Instantly the whole camp broke out in wailing and lamentation. What pained them most is that they could not take vengeance, for they remained clueless about who had committed the crime. The three traitors had meanwhile slipped back to the Roman lines. Having been paid an advance for their foul deed, they now requested the remainder of their reward. But Rome declared that she did not pay traitors and they were given nothing more. Treachery was repaid by treachery.
Viriathus’ body was arrayed in rich garments and numerous sacrifices were offered for him. As he burnt atop a funeral pyre, his warriors ran and rode around the pyre, singing their praises and then sitting down to wait until the fire burnt out.
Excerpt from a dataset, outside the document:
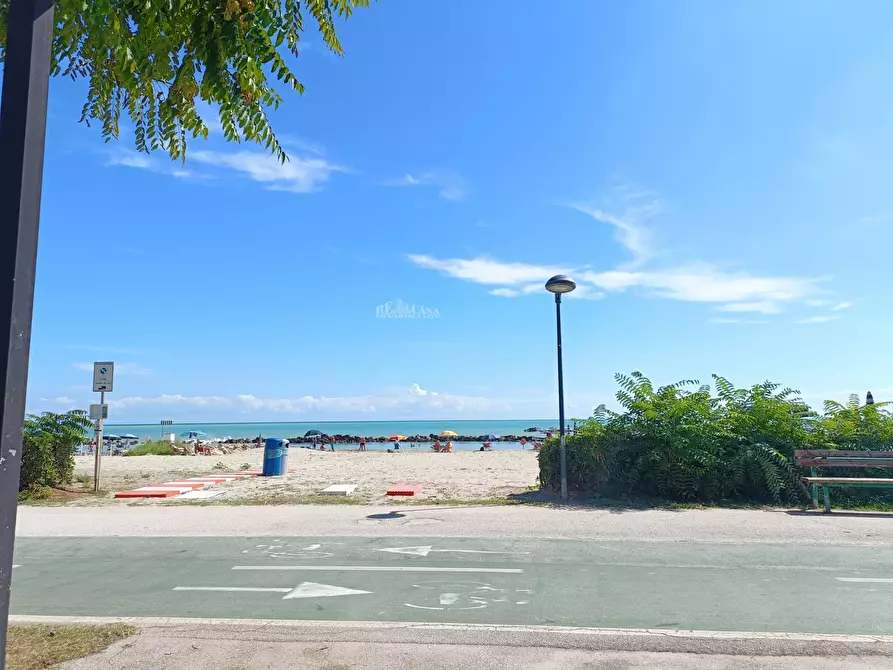 Immagine 26 di Locale commerciale in affitto  in LUNGOMARE EUROPA a Martinsicuro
Then there were gladiatorial contests in their former leader’s honor.
Viriathus’ death marked the beginning of the end of Lusitani resistance. Although a warrior named Tantalus led an attack on Carthago Nova he was unsuccessful and unable to revive Lusitani morale. In 139 BC the tribesmen surrendered in droves to Laenas. Fortunately, Laenas proved true to his earlier promises. He distributed farmland to the defeated, deported some to new regions and gave the best lands to those Spaniards that accepted Roman dominion the earliest.
The submission of the Lusitani did not, however, mean the end of the Roman war in Spain. Bands of robbers devastated the countryside, raiding into Lusitania. In 138 BC the Roman commander Sextus Junius Brutus struck out to subdue the rabble, eventually striking all the way to the River Nimis (the Mino) into the northernmost parts of Spain. Lenient to some, at other times he plundered all he could carry and destroyed all who opposed him. Towns and their inhabitants, women who bore arms and fought alongside the men, none were spared by Brutus. “Of the women who were captured some killed themselves, others slew their children also with their own hands, considering death preferable to captivity,”8 wrote Appian. In spite of these Roman advances, Lusitania was for the time being not incorporated into Hispania Ulterior and the River Tagus remained the northern frontier of that province. In central Spain, meanwhile, the stronghold Numantia continued to defy Rome in an epic stand that became as legendary as the deeds of Viriathus.